それまでも零細企業のあるべき姿は少数精鋭と考えていましたが、それは特殊部隊のような、まさに精鋭を少数使うことだと思っていました。戦争映画の見過ぎです。

これは以前も書きましたが、この土光さんの本を読んだ同じ頃に堺屋太一さんの本の中で、沖縄海洋博を企画した堺屋氏が、どうしたら沖縄振興は成功なのかと時の佐藤総理に尋ねたときに、それは人口を減らさないことだと即答され「人はいろいろなことを言っても、そこで住み続けるのであればそれはそれで満足なのだ」と語ったという話を読みました。

本を読んだころは、ちょうど人を減らす決断をしたばかりのころだったので、この話を読んでやはりショックを受けました。そのちょっと前までどうして分かって貰えないのだろうか、そしてなんでそんなに文句ばかりなんだろう1人でやった方が早いんじゃないかと、今思えばなんと傲慢な社長だったかと思います。

そして自分に何が足りないかもよくわかりました。少人数の鉄の軍団を誇ったところで、絶対に過半数を制するような大政党にはならないこと。

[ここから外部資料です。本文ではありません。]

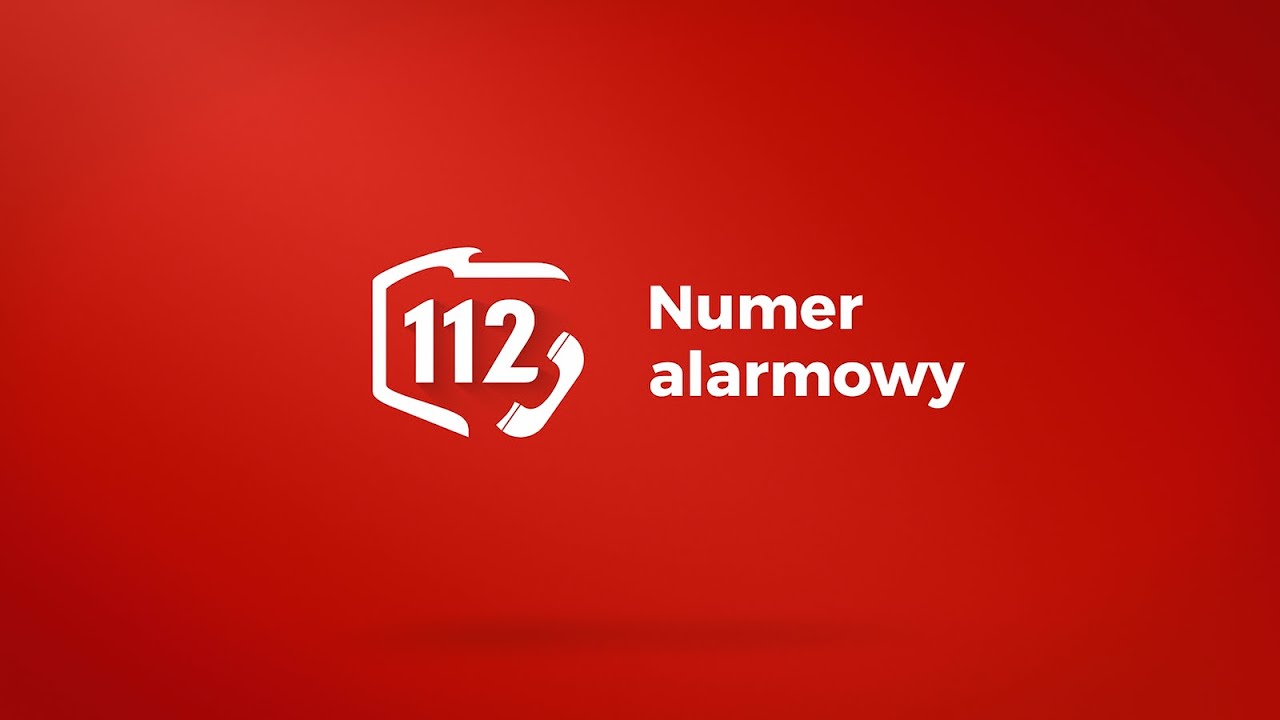 Telefon alarmowy 112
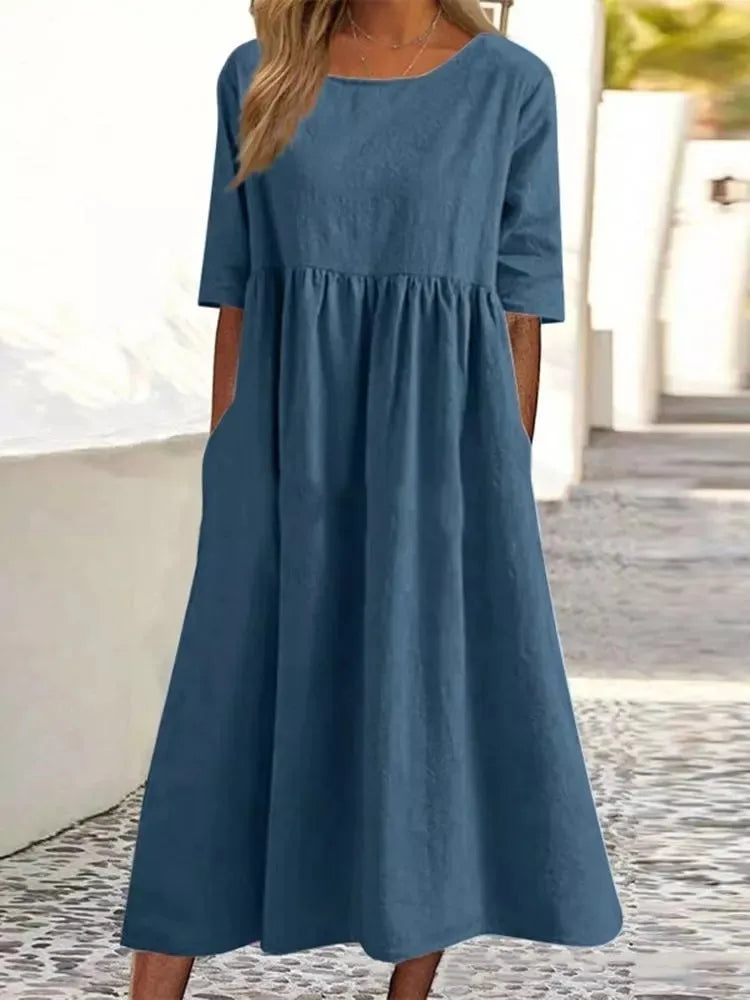 Women's Spring Dress - Fashinoza
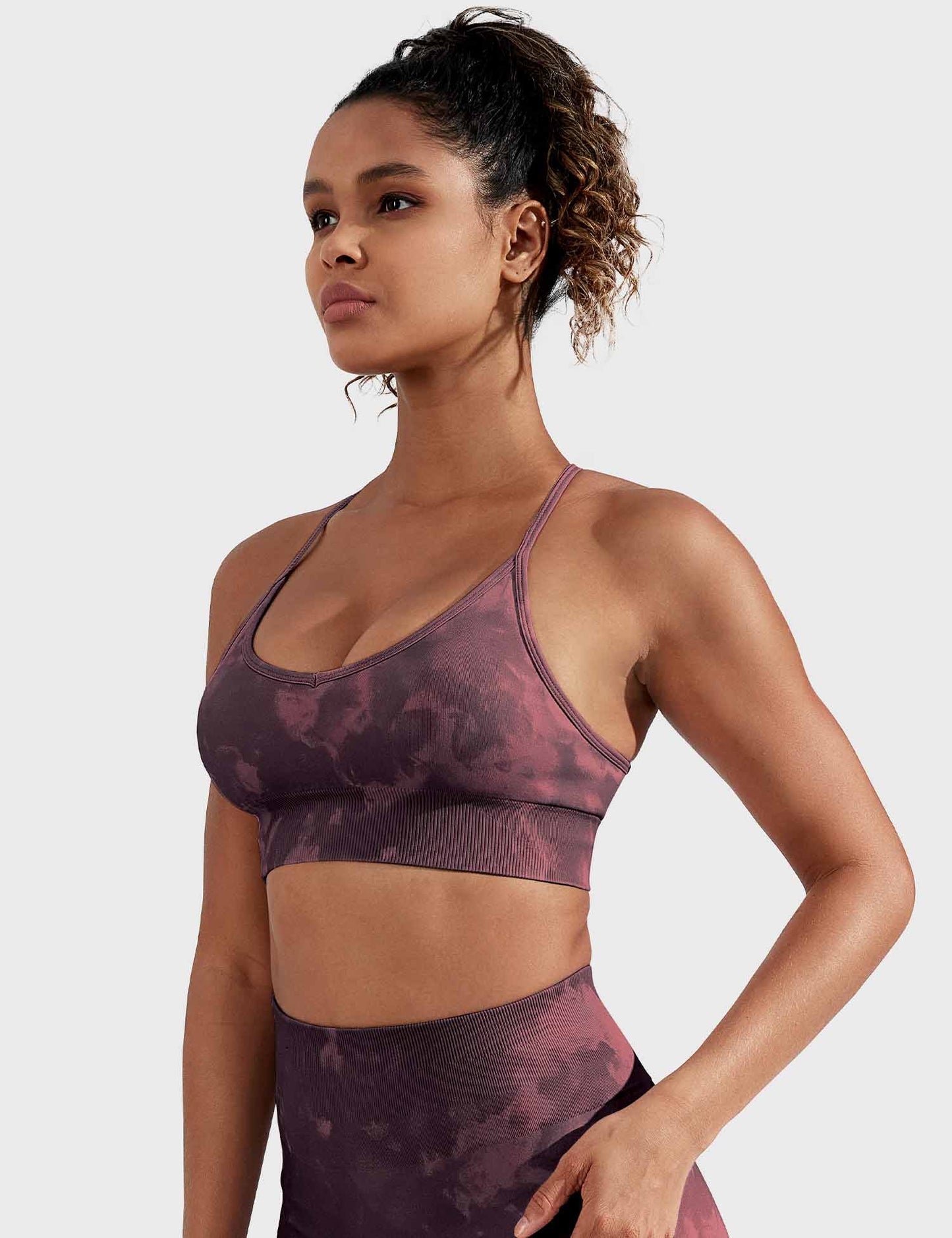 Yeoreo Seamless Print Jada Leggings/ Shorts/ Bras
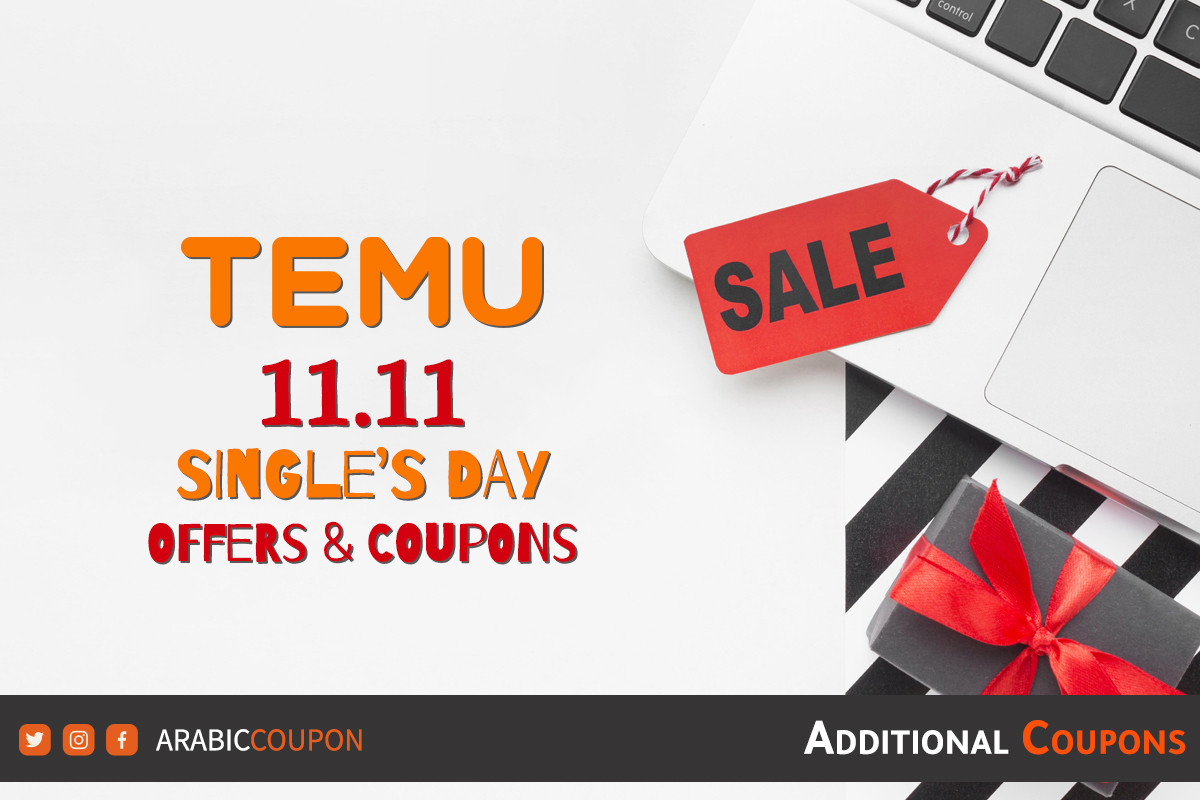 Temu Singles Day 11.11 offers & coupon are amazing up to 95%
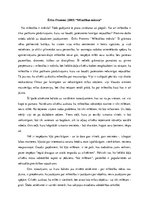 Konspekts 'Ēriks Fromms "Mīlestības māksla"', 1.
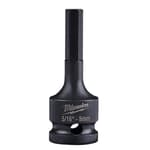 Lineman's 1/2" Drive 5/16" - 8mm Hex Bit Socket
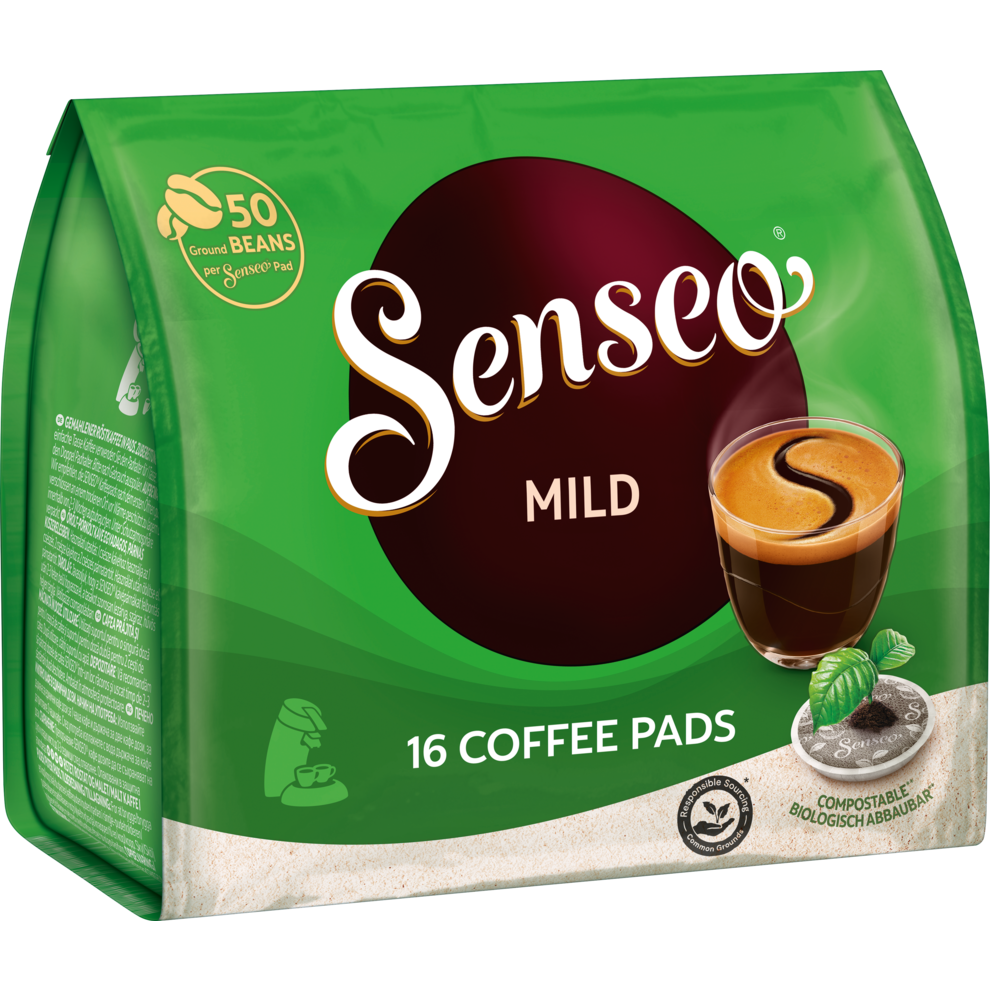 Senseo Кофе диски мягкий 16ST 111g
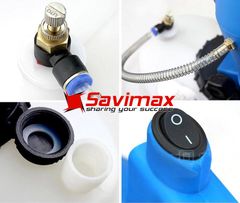 Máy phun sương khử trùng mini ULV 4L công suất 1200W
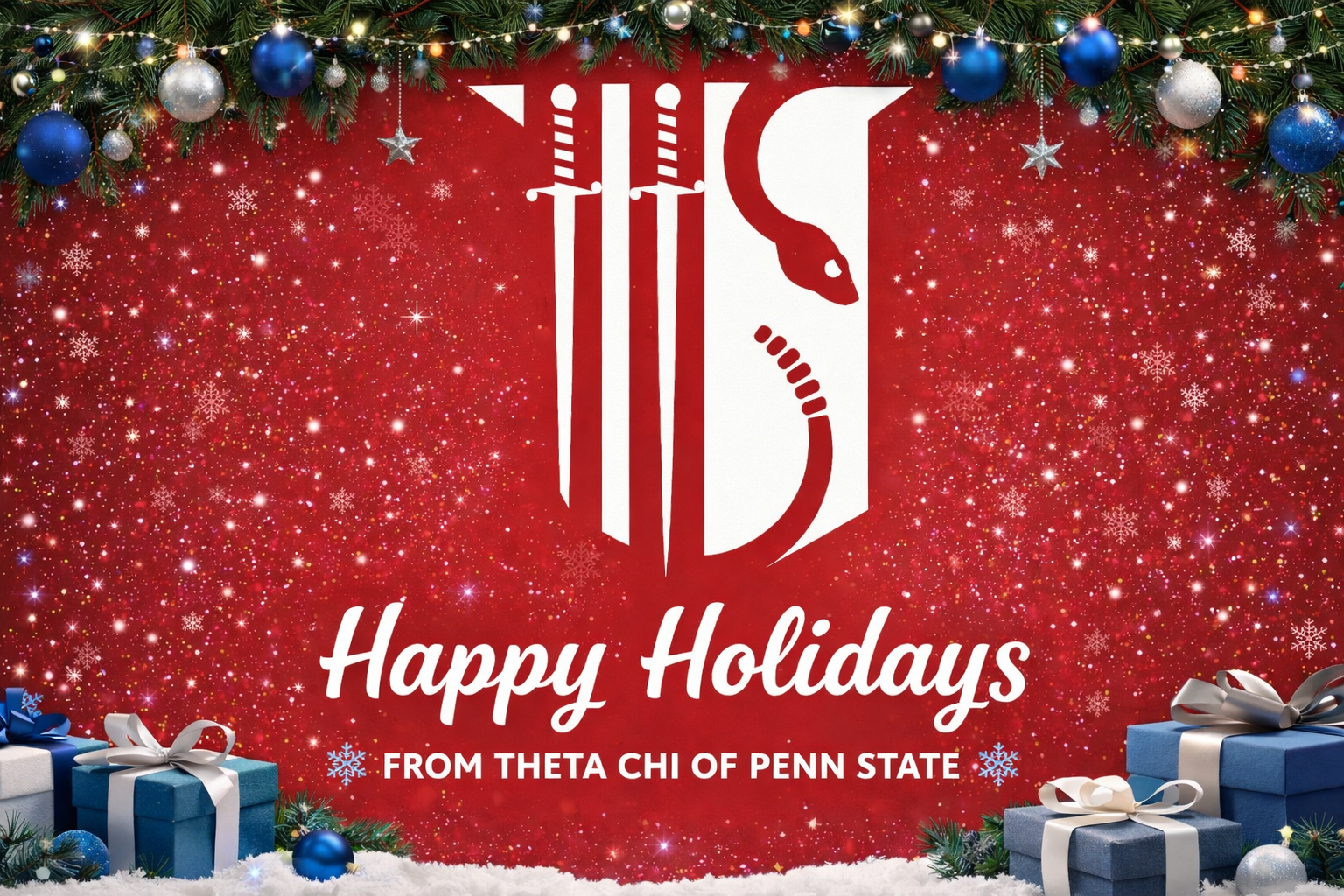 Happy Holidays to All Our Brothers, Family and Friends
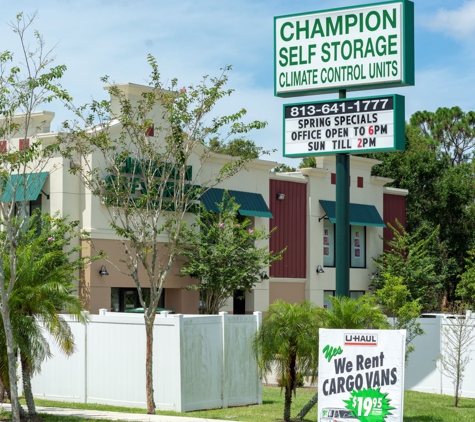 Champion Self Storage - Ruskin - Ruskin, FL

なによりいままで自分が嫌ってきた無責任な万年野党で開き直る弱小政党と同じような、負け犬戦略だと気付きました。

この2つのことから、まずは少数を維持して精鋭を保つ方針を基に生産性を上げ、それを前提に事業を興してさらなる増員の基盤をつくる戦略に切り換えました。

まるまる2年かかりましたが、昨年後半あたりからようやく指標としている1人あたりの生産高が最初の目標に到達し、エディトリアルと電子書籍の2事業も立ち上がったので、ここが転換の契機だと少数維持を解除して増員することにしました。もっとも増員といっても一緒に仕事をする仲間を増やすということですから、単純に正社員を増やすことだけが増員ではありませんが。

少数維持は撤回しましたが、少数精鋭の方針自体は引き続き堅持です。これまでのメンバーを主幹チームに繰り上げ、彼らをさらに玉に磨いていくフェーズに入ります。

磨くというと聞こえがいいですが、要するに摩擦軋轢の連続ですね。今日もまた傷だらけです。それでもこの先に待っている新しい局面を考えると、この経験もまた得難いことだろうと面白くなってきました。

本日、新しい体制をキックオフしました。すでに一部告知していますが、新しい複数の社名で営業を開始します。